**STORED DATA**
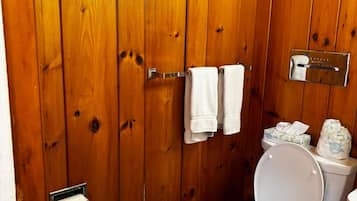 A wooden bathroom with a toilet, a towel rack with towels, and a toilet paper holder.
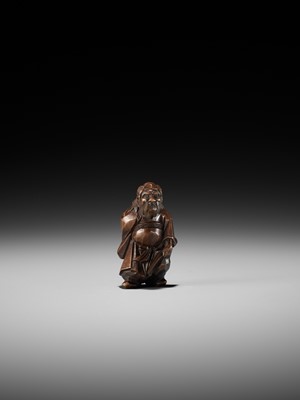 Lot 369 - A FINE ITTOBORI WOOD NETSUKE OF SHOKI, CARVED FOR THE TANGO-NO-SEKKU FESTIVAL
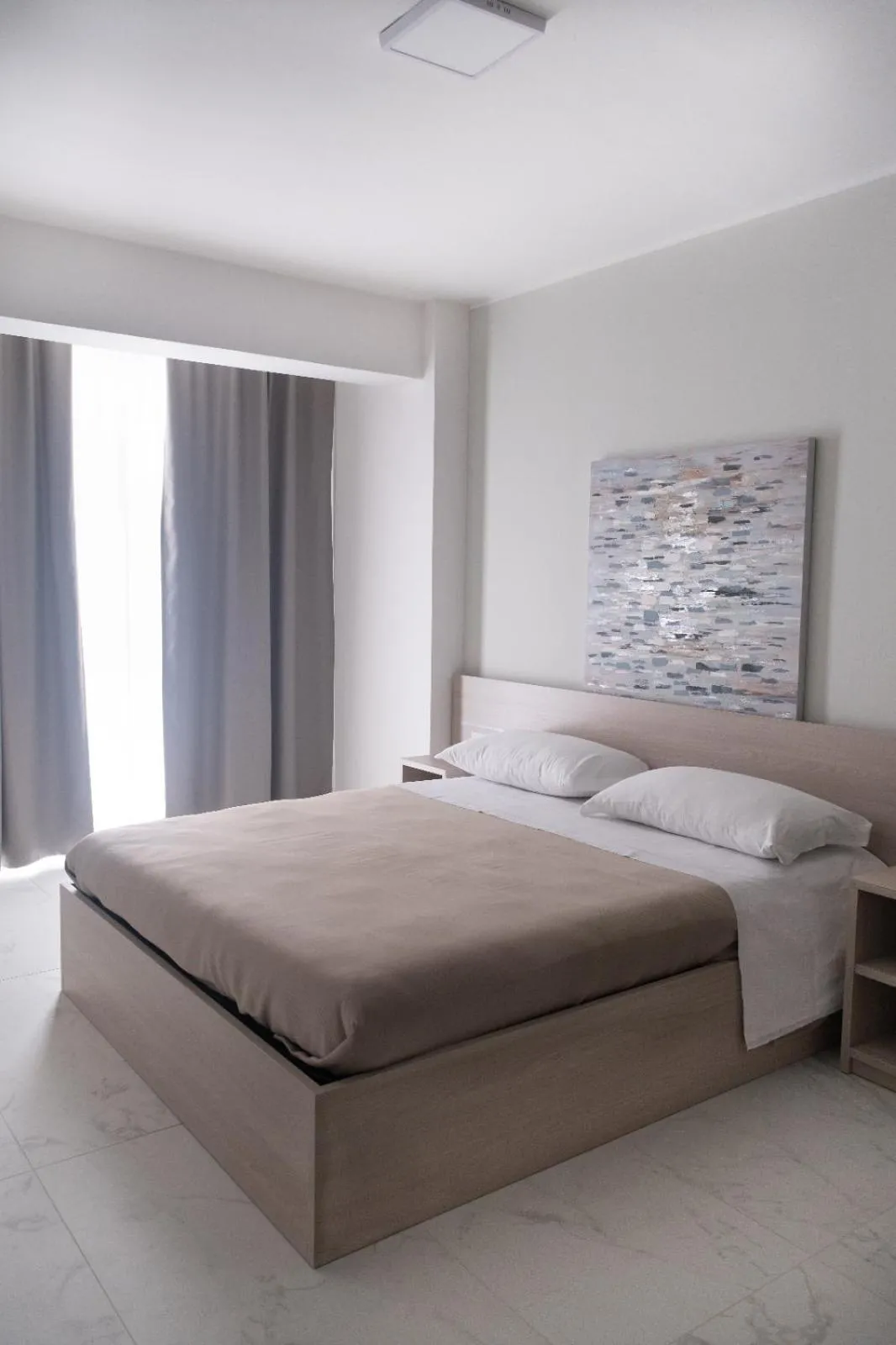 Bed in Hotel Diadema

**INSTRUCTIONS FOR THE TASK**
The full data, repeated exactly and stripped of its pictures, is the expected answer.

**SOLUTION**
 A wooden bathroom with a toilet, a towel rack with towels, and a toilet paper holder.
 Lot 369 - A FINE ITTOBORI WOOD NETSUKE OF SHOKI, CARVED FOR THE TANGO-NO-SEKKU FESTIVAL
 Bed in Hotel Diadema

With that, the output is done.